The magnetic diagnostics subsystem of the LISA Technology Package

Abstract

The Magnetic Diagnostics Subsystem of the LISA Technology Package (LTP) on board the LISA Pathfinder (LPF) spacecraft includes a set of four tri-axial fluxgate magnetometers, intended to measure with high precision the magnetic field at the positions they occupy. However, their readouts do not provide a direct measurement of the magnetic field at the positions of the test masses. Therefore, an interpolation method must be implemented to obtain this information. However, such interpolation process faces serious difficulties. Indeed, the size of the interpolation region is excessive for a linear interpolation to be reliable, and the number of magnetometer channels does not provide sufficient data to go beyond that poor approximation.

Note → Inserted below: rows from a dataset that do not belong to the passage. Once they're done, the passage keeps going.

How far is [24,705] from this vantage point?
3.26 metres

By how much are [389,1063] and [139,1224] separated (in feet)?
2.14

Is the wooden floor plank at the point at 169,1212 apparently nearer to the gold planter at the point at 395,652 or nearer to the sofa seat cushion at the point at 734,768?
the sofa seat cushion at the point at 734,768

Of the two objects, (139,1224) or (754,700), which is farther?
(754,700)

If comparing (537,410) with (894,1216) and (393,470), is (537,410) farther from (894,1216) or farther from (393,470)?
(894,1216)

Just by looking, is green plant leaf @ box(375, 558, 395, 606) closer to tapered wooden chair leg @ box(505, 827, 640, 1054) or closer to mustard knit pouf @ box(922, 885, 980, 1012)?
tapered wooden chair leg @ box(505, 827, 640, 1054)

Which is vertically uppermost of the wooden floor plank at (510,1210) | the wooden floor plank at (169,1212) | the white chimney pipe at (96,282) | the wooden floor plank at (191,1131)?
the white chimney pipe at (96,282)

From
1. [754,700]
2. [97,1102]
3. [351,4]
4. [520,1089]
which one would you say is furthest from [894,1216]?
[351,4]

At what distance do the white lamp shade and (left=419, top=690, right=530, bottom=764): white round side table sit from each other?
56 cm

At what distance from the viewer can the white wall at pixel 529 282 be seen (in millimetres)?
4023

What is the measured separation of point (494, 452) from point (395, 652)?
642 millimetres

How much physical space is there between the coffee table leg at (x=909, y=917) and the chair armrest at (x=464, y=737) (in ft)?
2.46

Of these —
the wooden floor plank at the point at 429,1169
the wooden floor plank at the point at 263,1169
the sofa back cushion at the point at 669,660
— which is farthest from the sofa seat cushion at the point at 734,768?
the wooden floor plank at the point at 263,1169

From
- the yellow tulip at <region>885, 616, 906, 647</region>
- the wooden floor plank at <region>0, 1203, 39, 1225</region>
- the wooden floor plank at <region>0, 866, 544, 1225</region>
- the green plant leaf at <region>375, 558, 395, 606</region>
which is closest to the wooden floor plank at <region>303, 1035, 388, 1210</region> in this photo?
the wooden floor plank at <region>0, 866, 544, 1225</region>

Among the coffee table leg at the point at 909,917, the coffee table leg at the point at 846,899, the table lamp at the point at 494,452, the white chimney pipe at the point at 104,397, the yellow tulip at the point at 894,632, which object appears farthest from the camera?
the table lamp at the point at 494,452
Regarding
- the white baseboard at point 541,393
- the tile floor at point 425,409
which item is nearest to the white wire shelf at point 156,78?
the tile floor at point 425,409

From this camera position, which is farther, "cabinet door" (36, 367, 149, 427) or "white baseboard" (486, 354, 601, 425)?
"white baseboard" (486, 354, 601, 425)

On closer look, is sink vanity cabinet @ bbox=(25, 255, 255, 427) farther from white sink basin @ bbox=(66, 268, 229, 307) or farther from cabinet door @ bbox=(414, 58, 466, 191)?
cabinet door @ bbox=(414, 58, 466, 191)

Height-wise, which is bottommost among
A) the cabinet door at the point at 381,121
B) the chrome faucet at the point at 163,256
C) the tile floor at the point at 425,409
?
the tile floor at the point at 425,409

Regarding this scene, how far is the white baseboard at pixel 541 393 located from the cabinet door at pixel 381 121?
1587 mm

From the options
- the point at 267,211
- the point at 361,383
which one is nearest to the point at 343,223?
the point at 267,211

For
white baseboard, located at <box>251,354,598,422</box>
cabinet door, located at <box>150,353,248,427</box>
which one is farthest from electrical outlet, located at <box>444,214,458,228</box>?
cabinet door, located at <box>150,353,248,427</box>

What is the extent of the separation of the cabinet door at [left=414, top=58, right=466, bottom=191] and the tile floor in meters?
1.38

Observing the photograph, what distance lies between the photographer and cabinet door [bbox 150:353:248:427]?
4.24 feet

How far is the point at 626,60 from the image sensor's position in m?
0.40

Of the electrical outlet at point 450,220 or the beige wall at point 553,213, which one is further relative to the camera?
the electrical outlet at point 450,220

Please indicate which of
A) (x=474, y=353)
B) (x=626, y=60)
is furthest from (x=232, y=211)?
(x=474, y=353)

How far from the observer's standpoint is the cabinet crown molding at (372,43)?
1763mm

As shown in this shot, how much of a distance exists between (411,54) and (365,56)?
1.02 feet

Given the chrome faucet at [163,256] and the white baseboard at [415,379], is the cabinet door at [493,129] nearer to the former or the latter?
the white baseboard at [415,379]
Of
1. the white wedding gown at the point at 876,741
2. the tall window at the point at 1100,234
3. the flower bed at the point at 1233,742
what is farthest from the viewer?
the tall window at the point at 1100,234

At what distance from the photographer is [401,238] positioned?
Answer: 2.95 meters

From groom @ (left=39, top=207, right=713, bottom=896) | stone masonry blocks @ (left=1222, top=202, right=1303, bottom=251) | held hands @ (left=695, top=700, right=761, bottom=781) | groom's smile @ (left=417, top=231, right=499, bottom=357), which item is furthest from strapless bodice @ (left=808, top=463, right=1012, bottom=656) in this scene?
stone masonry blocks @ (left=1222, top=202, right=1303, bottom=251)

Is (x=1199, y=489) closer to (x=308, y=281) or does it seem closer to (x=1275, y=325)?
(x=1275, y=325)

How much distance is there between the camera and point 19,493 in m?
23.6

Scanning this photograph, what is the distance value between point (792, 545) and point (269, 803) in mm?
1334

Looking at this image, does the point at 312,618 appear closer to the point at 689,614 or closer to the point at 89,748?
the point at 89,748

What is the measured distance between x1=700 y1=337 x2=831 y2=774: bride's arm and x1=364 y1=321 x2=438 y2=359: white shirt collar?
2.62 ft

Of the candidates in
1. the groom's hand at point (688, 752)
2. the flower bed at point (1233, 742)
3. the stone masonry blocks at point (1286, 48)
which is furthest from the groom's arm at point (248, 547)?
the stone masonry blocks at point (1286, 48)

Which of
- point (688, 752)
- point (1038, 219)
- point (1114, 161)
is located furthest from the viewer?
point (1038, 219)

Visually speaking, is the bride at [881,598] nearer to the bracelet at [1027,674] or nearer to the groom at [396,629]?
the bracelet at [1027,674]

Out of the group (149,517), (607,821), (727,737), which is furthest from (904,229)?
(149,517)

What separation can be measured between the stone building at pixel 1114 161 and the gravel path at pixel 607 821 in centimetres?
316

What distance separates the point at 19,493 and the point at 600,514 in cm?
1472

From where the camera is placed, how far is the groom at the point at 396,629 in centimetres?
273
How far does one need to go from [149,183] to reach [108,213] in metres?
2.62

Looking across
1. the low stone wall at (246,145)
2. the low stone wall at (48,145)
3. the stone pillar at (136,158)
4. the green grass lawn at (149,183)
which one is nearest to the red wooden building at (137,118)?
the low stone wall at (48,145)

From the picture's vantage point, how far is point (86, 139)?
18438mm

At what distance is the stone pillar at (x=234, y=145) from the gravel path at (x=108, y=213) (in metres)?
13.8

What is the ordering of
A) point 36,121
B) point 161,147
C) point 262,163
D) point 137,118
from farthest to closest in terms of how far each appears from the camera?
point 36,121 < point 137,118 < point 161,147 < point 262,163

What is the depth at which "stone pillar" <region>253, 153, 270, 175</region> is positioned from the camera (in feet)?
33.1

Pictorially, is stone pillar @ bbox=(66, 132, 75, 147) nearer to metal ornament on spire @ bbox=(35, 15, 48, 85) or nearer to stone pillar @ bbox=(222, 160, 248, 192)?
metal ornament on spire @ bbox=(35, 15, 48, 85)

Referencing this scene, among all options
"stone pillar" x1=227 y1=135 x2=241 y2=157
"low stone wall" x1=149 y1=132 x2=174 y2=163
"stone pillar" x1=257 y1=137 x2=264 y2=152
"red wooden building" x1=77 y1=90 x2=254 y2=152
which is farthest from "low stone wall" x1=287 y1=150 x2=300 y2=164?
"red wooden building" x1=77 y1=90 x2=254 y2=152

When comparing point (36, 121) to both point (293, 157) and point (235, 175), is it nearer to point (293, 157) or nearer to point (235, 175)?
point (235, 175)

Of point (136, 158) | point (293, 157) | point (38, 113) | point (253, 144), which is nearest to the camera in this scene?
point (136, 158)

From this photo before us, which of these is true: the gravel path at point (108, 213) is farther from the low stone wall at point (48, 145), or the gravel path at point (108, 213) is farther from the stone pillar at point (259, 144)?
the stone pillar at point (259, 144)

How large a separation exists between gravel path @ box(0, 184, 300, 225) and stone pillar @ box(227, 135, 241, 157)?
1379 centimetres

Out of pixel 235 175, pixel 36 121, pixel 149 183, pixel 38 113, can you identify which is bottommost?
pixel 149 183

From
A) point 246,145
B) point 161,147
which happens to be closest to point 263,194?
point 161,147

Recent research points to a possible alternative to address the magnetic interpolation problem by means of neural network algorithms. The key point of this approach is the ability neural networks have to learn from suitable training data representing the magnetic field behaviour. Despite the large distance to the test masses and the insufficient magnetic readings, artificial neural networks are able to significantly reduce the estimation error to acceptable levels. The learning efficiency can be best improved by making use of data obtained from on-ground measurements prior to mission launch in all relevant satellite locations and under real operation conditions. Reliable information on that appears to be essential for a meaningful assessment of magnetic noise in the LTP.